Data shown -
________________

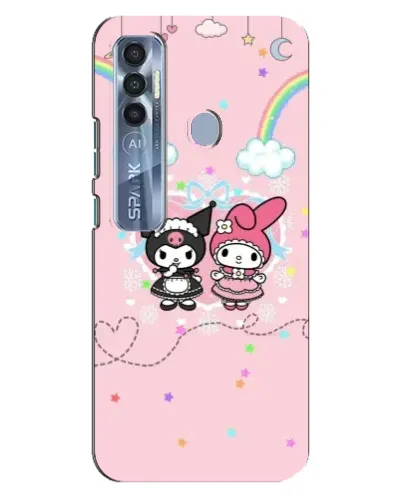 Чохол для TECNO Spark 7 Pro з картинкою «My Melody та Kuromi» Чохол для TECNO Spark 7 Pro з картинкою «My Melody та Kuromi»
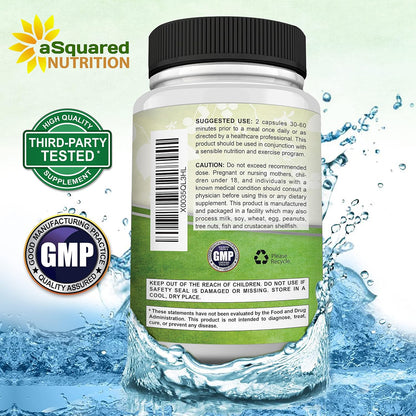 aSquared Nutrition Garcinia Cambogia - 1600mg/Serving - 180 Capsules | Standardized HCA Supplement - Natural Pure Extract Pills Alternative to Gummies, Drops, Tea & Powder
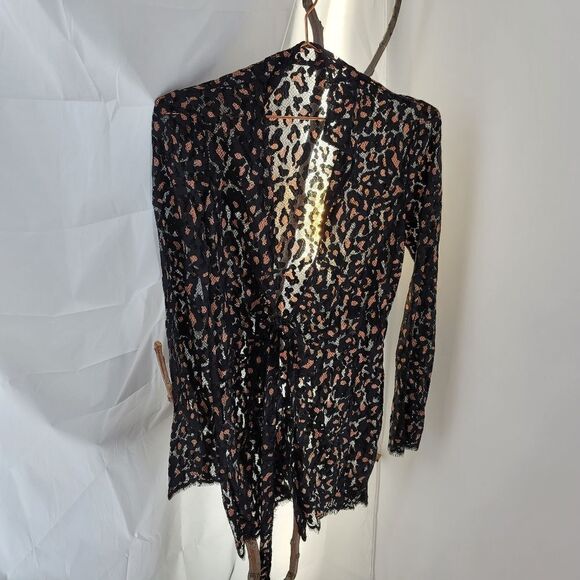 Agent provocateur black cheetah lace mini robe - Picture 7 of 7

________________

Your assignment -
Give the listing above again word for word, without its pictures.

Result below -
 Чохол для TECNO Spark 7 Pro з картинкою «My Melody та Kuromi» Чохол для TECNO Spark 7 Pro з картинкою «My Melody та Kuromi»
 aSquared Nutrition Garcinia Cambogia - 1600mg/Serving - 180 Capsules | Standardized HCA Supplement - Natural Pure Extract Pills Alternative to Gummies, Drops, Tea & Powder
 Agent provocateur black cheetah lace mini robe - Picture 7 of 7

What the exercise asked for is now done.